Cisco Systems Inc. is playing for keeps in the UC collaboration space, launching a full-on offensive to Microsoft Corp.’s Lync communication platform. The pitch is simple: Cisco attests its single-vendor extensible platform is more aligned with the needs of modern IT than Microsoft’s multi-vendor hardware approach with Lync. Specifically, Cisco cites the focus on the Windows environment as a detriment to Lync’s flexibility.
Harsh claims, but Cisco backs up its attacks with the results of a survey that queried 3200 global IT professionals. Seventy-two percent of respondents said that a “Windows first” approach would impact businesses” by limiting the breadth of communication on other devices, particularly the quality of service on mobile devices, like iOS and Android. Cisco also attacked Microsoft on its cloud strategy, pointing to Lync’s incomplete feature parity with its cloud counterpart, Lync Online. With 80 percent of IT pros expecting the same enterprise-grade voice and video service from the cloud, Cisco says this weaken’s Microsoft’s strategy.

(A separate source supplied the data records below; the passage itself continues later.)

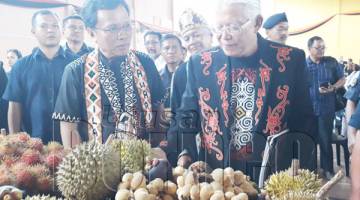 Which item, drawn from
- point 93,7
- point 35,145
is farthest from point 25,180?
point 93,7

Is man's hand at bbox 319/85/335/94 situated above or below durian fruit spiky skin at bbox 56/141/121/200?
above

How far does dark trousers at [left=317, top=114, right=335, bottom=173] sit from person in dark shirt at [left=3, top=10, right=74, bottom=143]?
1147 millimetres

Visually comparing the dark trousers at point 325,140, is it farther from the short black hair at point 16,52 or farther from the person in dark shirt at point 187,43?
the short black hair at point 16,52

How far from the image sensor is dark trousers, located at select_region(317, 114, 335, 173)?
179 centimetres

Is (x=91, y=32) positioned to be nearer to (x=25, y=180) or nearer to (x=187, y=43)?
(x=187, y=43)

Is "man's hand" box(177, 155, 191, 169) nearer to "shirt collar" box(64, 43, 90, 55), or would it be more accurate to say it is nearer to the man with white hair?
the man with white hair

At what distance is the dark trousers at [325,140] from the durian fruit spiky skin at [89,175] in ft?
3.31

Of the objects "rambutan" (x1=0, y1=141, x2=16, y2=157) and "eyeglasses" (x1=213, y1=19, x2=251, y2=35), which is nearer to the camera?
"rambutan" (x1=0, y1=141, x2=16, y2=157)

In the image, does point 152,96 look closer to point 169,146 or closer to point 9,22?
point 169,146

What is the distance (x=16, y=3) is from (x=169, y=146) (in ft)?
2.95

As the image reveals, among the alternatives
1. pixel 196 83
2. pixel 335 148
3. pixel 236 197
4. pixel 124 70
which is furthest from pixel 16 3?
pixel 335 148

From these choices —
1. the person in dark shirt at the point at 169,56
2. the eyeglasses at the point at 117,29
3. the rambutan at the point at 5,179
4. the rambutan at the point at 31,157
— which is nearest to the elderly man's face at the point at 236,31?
the person in dark shirt at the point at 169,56

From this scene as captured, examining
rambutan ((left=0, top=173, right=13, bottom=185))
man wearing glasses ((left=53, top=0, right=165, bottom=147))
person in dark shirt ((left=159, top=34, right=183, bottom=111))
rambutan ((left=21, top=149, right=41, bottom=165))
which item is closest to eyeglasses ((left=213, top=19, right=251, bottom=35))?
person in dark shirt ((left=159, top=34, right=183, bottom=111))

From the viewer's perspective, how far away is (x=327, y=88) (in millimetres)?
1847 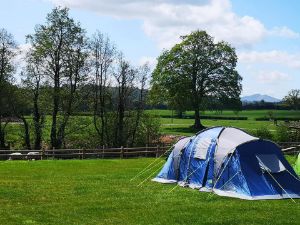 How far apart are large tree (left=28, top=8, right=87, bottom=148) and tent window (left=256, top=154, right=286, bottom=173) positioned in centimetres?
2939

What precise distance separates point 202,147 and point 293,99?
115186mm

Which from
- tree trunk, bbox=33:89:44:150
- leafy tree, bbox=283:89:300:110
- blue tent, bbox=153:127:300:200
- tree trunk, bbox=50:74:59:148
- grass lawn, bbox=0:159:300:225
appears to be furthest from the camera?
leafy tree, bbox=283:89:300:110

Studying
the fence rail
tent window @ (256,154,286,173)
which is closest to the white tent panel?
tent window @ (256,154,286,173)

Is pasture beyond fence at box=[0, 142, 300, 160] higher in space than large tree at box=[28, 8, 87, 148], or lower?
lower

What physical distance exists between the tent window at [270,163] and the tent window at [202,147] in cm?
218

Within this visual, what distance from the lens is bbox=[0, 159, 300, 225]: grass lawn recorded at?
1334 centimetres

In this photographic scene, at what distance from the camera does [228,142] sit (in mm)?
18781

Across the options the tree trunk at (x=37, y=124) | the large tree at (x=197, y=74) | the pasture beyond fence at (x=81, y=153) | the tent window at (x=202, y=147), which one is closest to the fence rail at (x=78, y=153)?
the pasture beyond fence at (x=81, y=153)

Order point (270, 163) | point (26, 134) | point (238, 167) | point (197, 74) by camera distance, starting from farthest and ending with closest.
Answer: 1. point (197, 74)
2. point (26, 134)
3. point (270, 163)
4. point (238, 167)

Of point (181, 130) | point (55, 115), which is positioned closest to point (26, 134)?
point (55, 115)

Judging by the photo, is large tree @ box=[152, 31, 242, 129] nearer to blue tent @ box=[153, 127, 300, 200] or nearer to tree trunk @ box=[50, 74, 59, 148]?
tree trunk @ box=[50, 74, 59, 148]

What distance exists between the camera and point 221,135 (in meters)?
19.4

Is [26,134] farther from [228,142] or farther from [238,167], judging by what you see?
[238,167]

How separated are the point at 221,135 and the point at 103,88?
104 ft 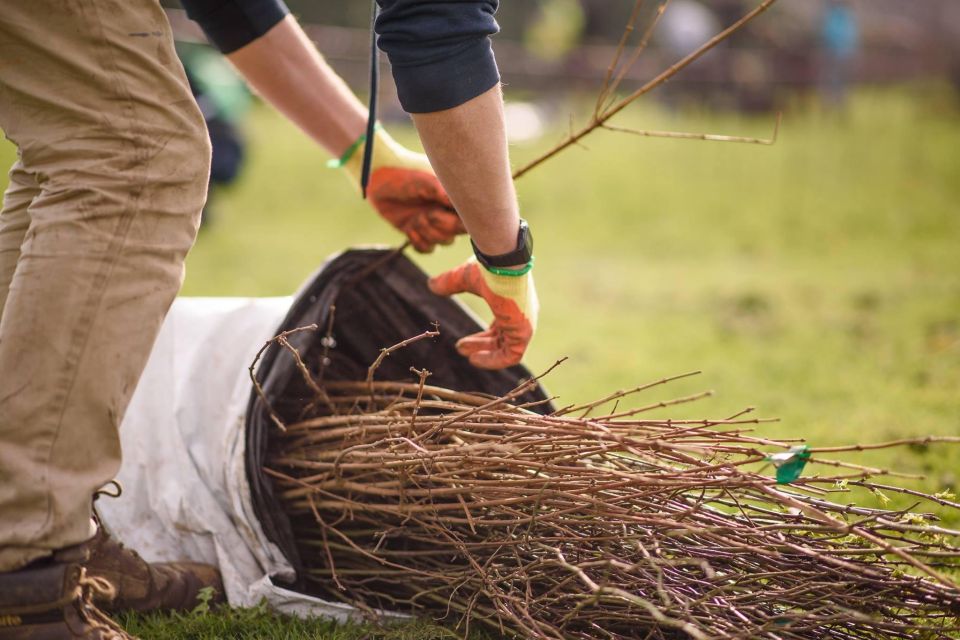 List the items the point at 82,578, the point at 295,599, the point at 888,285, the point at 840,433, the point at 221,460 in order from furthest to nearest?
the point at 888,285, the point at 840,433, the point at 221,460, the point at 295,599, the point at 82,578

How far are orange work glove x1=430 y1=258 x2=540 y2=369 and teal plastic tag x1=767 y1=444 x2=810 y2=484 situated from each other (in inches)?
22.9

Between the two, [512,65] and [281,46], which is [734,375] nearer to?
[281,46]

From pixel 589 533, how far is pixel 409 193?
35.3 inches

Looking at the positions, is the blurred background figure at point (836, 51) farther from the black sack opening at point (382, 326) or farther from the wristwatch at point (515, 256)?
the wristwatch at point (515, 256)

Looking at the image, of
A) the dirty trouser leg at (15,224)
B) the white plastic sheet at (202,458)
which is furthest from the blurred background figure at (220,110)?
the dirty trouser leg at (15,224)

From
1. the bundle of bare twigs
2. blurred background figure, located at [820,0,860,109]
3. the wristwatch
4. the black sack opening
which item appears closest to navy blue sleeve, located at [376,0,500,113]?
the wristwatch

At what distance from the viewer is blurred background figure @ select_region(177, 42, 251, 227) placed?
716cm

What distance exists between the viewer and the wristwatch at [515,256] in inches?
73.5

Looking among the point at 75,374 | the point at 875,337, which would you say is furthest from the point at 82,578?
the point at 875,337

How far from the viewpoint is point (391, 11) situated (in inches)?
63.1

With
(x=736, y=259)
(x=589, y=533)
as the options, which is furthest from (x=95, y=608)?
(x=736, y=259)

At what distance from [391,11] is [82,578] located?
108 cm

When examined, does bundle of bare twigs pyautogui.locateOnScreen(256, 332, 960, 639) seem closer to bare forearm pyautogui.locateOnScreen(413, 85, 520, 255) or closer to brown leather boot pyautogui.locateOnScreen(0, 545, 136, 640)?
bare forearm pyautogui.locateOnScreen(413, 85, 520, 255)

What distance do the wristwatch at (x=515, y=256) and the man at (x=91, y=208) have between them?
0.16m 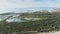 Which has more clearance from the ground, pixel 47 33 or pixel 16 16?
pixel 16 16

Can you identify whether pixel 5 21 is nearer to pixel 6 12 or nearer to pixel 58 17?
pixel 6 12

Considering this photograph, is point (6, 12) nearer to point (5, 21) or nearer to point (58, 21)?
point (5, 21)

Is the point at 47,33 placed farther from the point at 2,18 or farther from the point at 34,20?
the point at 2,18

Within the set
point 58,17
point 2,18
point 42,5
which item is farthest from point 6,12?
point 58,17

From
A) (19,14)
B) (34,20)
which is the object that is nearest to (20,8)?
(19,14)

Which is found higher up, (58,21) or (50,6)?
(50,6)

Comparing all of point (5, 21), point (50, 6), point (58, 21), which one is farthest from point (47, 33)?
point (5, 21)

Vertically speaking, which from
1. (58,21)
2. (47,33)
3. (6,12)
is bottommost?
(47,33) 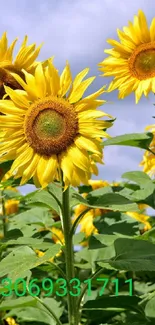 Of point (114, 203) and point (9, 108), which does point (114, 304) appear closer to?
point (114, 203)

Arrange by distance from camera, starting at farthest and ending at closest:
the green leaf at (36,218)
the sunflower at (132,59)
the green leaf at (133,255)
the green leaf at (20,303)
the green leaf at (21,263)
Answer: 1. the sunflower at (132,59)
2. the green leaf at (36,218)
3. the green leaf at (20,303)
4. the green leaf at (133,255)
5. the green leaf at (21,263)

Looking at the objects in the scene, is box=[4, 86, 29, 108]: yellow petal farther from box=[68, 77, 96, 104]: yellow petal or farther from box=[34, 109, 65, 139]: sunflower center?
box=[68, 77, 96, 104]: yellow petal

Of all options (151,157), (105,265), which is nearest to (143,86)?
(151,157)

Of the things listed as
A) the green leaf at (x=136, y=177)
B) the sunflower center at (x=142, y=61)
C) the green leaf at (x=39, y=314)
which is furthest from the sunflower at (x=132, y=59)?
the green leaf at (x=39, y=314)

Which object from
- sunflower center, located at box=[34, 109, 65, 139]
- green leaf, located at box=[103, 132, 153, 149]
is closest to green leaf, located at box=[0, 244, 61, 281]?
sunflower center, located at box=[34, 109, 65, 139]

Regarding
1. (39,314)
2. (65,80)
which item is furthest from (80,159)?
(39,314)

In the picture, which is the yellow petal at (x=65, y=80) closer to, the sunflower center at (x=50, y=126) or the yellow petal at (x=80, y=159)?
the sunflower center at (x=50, y=126)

Cisco’s results also revealed that 47 percent of respondents don’t use Lync for “business critical external communications,” and a sizable 78 percent feel a multi-vendor approach to a UC hardware can negatively impact businesses, particularly in troubleshooting situations or when something goes wrong. (To be fair, this complexity represents a sizable support opportunity for solution providers working with Lync.)

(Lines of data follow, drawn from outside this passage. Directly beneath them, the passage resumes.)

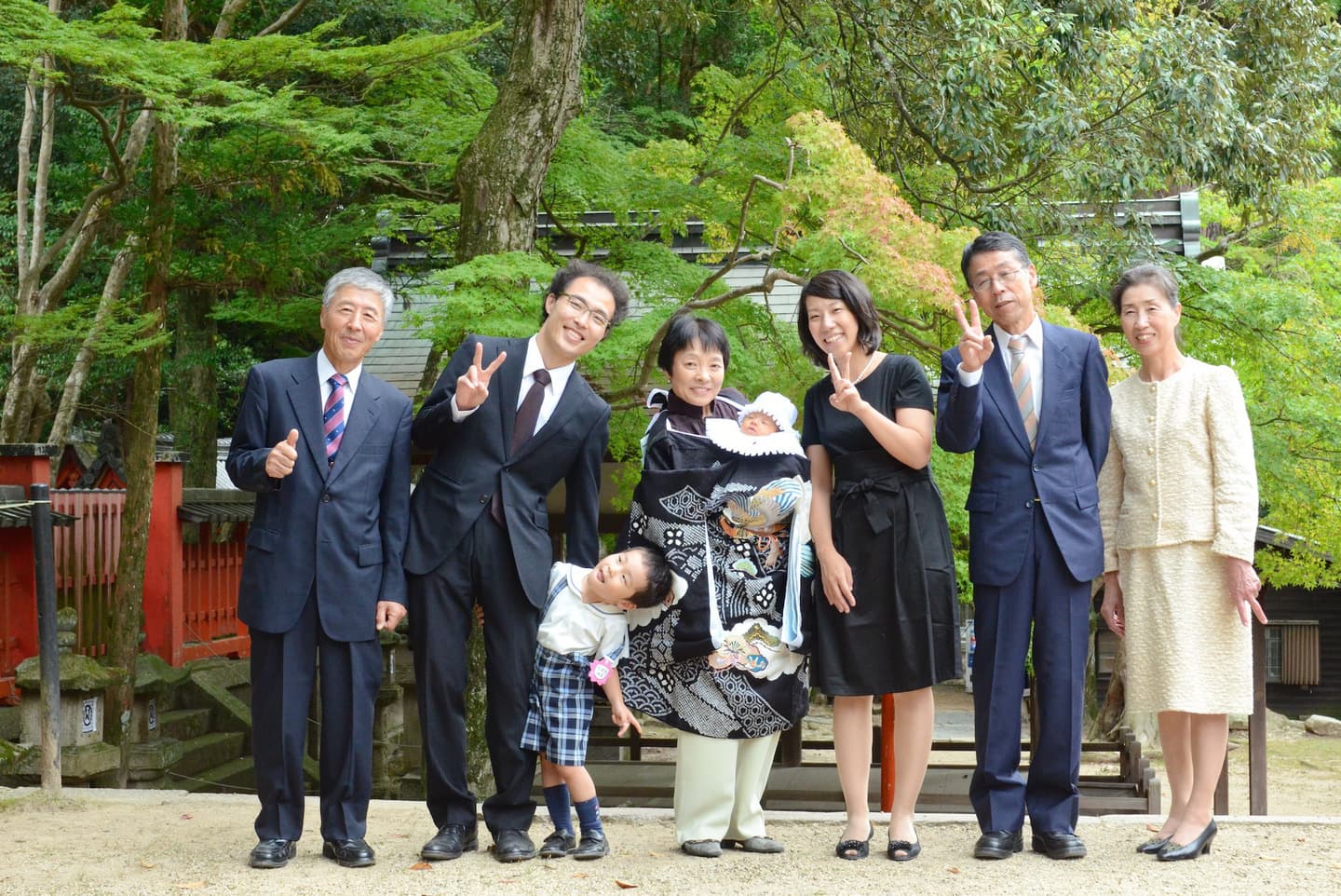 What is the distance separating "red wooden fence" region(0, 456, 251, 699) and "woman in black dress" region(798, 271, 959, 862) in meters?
5.63

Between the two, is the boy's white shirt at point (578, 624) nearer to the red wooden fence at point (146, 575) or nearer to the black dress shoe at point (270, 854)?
the black dress shoe at point (270, 854)

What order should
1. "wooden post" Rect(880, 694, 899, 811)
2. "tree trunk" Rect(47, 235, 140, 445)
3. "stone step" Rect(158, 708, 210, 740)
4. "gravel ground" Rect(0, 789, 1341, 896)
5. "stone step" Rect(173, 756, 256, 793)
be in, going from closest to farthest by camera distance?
"gravel ground" Rect(0, 789, 1341, 896), "wooden post" Rect(880, 694, 899, 811), "stone step" Rect(173, 756, 256, 793), "stone step" Rect(158, 708, 210, 740), "tree trunk" Rect(47, 235, 140, 445)

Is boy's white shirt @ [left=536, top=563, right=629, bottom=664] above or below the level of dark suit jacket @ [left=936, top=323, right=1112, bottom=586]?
below

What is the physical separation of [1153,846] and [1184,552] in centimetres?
97

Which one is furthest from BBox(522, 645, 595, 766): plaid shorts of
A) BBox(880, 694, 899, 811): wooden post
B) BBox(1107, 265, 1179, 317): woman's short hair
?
BBox(1107, 265, 1179, 317): woman's short hair

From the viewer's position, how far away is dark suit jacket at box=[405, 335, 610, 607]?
3.88m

In a corporate blog post, Rowan Trollope, senior vice president of Cisco’s Collaboration Technology Group, says Microsoft’s user engagement options with Lync are inherently limited by its platform focus. ”Microsoft’s approach with Lync leaves out several important collaboration elements many enterprise organizations find critical today – such as phones, video endpoints, voice and video gateways, networking and cloud PSTN connections. These components need to be procured, integrated and supported separately for those who choose to use Lync,” argues Trollope. In addition, Trollope alludes that Lync could hamper flexibility of BYOD and prevent future interoperable collaboration platforms from being adopted, particularly move moving to the cloud.
Those claims, and more, are now the central focus of a Cisco “microsite” devoted to the “controversy” of this “conversation.” In truth, Cisco isn’t entirely wrong, but it is a bit disingenuous on some of its its assertions.

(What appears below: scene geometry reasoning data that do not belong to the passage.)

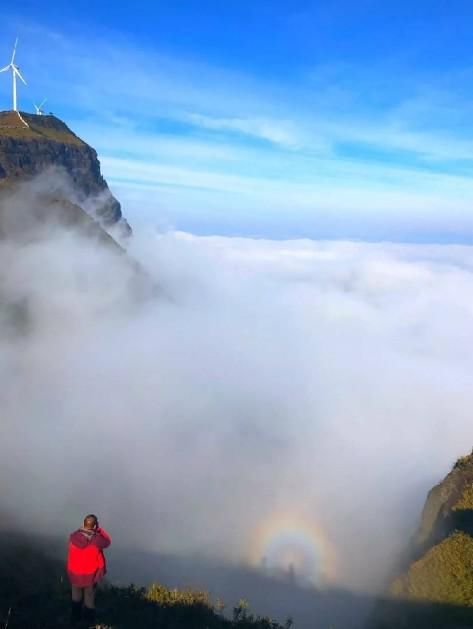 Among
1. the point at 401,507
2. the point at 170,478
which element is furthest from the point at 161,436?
the point at 401,507

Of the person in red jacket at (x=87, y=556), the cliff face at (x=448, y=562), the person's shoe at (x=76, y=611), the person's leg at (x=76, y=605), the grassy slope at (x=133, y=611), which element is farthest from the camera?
the cliff face at (x=448, y=562)

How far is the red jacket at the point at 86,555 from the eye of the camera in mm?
15617

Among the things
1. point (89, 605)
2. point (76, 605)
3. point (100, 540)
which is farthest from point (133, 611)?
point (100, 540)

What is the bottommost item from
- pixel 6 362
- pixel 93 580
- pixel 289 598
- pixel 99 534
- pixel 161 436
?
pixel 289 598

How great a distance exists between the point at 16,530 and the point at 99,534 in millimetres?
63555

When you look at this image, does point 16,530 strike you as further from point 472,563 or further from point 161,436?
point 161,436

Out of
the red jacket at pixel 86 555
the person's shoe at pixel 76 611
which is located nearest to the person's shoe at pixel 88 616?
the person's shoe at pixel 76 611

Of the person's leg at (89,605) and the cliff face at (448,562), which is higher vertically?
the cliff face at (448,562)

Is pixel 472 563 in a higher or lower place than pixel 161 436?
lower

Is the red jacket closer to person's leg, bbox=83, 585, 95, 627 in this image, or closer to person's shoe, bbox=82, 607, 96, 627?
person's leg, bbox=83, 585, 95, 627

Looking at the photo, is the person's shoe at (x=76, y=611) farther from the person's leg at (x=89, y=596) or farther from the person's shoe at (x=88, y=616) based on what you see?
the person's leg at (x=89, y=596)

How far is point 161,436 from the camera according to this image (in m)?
195

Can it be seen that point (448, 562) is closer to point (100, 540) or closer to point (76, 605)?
point (76, 605)

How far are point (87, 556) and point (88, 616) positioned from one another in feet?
8.69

Even as Microsoft Windows fades from being the most prominent OS of choice, it still claims a sizable hold on corporate culture, which means PC aren’t going anywhere — virtualized or physical. And with Office 365 just getting off the ground, Lync could get a boost as users enjoy what Microsoft’s cloud services offer, and cloud feature parity is not an unfixable problem. While it may be Cisco’s modus operandi to hammer away at its competitors, Microsoft’s technology, while still maturing, is far form the ineffective platform Cisco would make it out to be. Like all things, VARs, MSPs and communication providers need to lead with the solution best attuned to their customer needs.